The Capitol riot is a reminder of the links between police and white supremacy

The Capitol riot is a reminder of the links between police and white supremacy

A Trump supporter holds up a “Thin Blue Line” version of the American flag that represents law enforcement outside the US Capitol on January 6. | Brendan Smialowski/AFP/Getty Images

Almost 30 police officers attended the Capitol rally. It should come as no surprise.

As investigations of last week’s riot at the US Capitol continue, one thing has become abundantly clear: The people involved were not just “fringe” elements, disconnected from the mainstream of society.

Prominent among the rioters was a group with a lot of institutional and social power — police officers and other law enforcement officials.
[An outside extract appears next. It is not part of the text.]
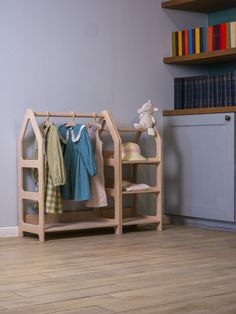 a wooden shelf with clothes hanging on it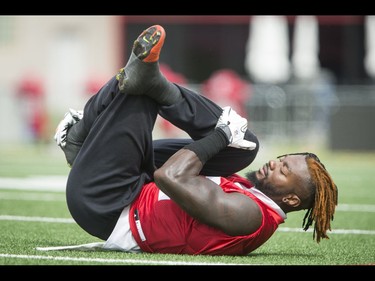 Carlton Mitchell stretches during the Calgary Stampeders training camp at McMahon Stadium in Calgary, Alta., on Thursday, June 2, 2016. The regular season begins on June 25, when the Stamps head to B.C. Lyle Aspinall/Postmedia Network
Indeed, nearly 30 sworn officers have been identified so far as attendees to the rally leading to Wednesday’s riot, according to NPR.

That includes Virginia police officer Thomas “T.J.” Robertson, who was arrested this week in connection with the insurrection. “CNN and the Left are just mad because we actually attacked the government who is the problem and not some random small business,” Robertson reportedly wrote on Facebook after storming the Capitol.

Those arrested also include his colleague Jacob Fracker, a Virginia police officer as well as a corporal in the state’s National Guard. “Lol to anyone who’s possibly concerned about the picture of me going around,” Fracker apparently wrote on Facebook. “Not like I did anything illegal.”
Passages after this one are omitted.